I also had the great experience of returning to the Korean War Museum one more time to explore its outdoor exhibit. Outside of the museum there are planes, tanks and boats from the Korean War. Not all of it is from the Korean army and there were many pieces from the US involvement in the Korean War. I found it interesting to see how far the US Korean relations have come and how I, an American was in Korea to visit. Learning about the Korean War was a great way to learn about some of the Korean US relations as well as learn about important history for Korea. I find the more I learn about Korean the more I fall in love with the country and the people. This helps me maintain the motivation to study Korean. I am so fortunate to have this experience.

Reflection on my language learning and intercultural gains:

During my summer I attended a language program with a stress on written grammar and vocabulary. At first I did not like this form of learning a language as I felt the important part of learning a language is speaking. I soon learned that for Korean grammar is the most important. With so many grammar patterns, the written part is the only way to master the language. Outside of class is when the usage of what I learned by writing is transformed into spoken form. I was able to use my language skills and adapt to the culture when I would venture to places in Seoul that are not frequented by tourists. By seeing the parts of Seoul that the people who actually live there spend time, I was able to push my comfort zone and see how much I had learned. While I did not achieve the comfortable speed at which I was hoping to converse in Korean, I have however greatly increased my confidence in the spoken language.
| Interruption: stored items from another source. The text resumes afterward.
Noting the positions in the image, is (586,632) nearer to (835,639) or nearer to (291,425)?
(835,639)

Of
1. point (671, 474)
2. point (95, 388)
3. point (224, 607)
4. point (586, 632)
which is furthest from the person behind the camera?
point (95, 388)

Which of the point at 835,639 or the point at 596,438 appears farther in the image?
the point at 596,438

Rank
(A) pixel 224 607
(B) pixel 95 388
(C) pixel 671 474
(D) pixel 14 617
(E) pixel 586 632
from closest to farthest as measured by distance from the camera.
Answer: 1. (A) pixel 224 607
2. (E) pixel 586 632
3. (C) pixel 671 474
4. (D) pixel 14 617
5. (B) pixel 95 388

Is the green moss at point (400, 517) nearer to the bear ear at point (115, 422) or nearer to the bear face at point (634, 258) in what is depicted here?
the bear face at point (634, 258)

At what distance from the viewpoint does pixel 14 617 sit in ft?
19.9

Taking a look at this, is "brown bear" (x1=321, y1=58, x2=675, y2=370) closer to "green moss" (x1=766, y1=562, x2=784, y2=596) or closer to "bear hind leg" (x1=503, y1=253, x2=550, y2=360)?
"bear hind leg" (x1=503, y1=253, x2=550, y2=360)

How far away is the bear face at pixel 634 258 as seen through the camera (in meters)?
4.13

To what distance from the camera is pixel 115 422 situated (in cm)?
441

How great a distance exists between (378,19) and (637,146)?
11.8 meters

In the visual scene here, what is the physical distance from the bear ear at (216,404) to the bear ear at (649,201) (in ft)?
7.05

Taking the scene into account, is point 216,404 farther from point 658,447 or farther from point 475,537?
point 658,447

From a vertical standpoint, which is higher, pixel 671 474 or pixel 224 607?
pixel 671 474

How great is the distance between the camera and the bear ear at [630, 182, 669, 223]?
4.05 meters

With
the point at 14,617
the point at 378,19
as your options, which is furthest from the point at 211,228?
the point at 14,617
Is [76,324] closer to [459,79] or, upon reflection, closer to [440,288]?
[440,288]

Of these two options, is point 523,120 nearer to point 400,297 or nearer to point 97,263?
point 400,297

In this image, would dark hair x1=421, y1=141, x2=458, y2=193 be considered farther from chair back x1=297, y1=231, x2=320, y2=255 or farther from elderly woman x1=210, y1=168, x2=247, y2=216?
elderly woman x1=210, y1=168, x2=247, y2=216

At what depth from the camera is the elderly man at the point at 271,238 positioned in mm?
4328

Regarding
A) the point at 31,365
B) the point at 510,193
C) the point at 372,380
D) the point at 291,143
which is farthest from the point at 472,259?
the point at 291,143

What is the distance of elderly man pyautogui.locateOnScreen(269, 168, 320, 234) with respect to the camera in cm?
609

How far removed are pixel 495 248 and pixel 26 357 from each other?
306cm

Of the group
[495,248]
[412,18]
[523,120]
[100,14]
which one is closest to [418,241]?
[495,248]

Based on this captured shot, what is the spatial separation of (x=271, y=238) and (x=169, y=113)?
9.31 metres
My speed has increased but there is always room for improvement.

Reflection on my summer language abroad experience overall:

The biggest change in my worldview from my summer in Korea is what it is to be in a minority. Korea is a very homogeneous country with most people being of the same ethnicity and race. Not being of Korean decent racial and ethnically put me in the minority. I now know what it is like to be an outsider no matter what you do. It does not matter how long you live in Korea or how well you master the language, if you are not of Korean decent, you will never be accepted as Korean by society. My advice to those who are interested in summer language study is to not let the fear and doubt stop you from doing it. While you may not think you will have fun, make friends, know enough of the language, you should do it anyways. Once you get there and start learning, you will find that everything starts to work out and it is all worth it in the end. The regret of not doing it will be much greater than the fears and the doubts of now.

How I plan to use my language and intercultural competences in the future:

I will use all that I learned from my summer experience to help me in my study abroad next semester. This fall of 2015 I am studying abroad at Yonsei University in Seoul, Korea. By continuing my education in Korea for a semester, I can continue to use and build on what I learned this summer. I will continue my studying of Korean language this next semester both in the classroom and outside. I still want to work towards a minor in Korean and now having studied in Korea, I have a greater drive to achieve so. I will use my SLA Grant experience of learning how to live and learn in a foreign country for the rest of my life. If I can spend a summer in another country and adapt to their society and language, I can adapt for any class or job. I know that if I push myself I can overcome any obstacle and that self-confidence will help me for the rest of my life.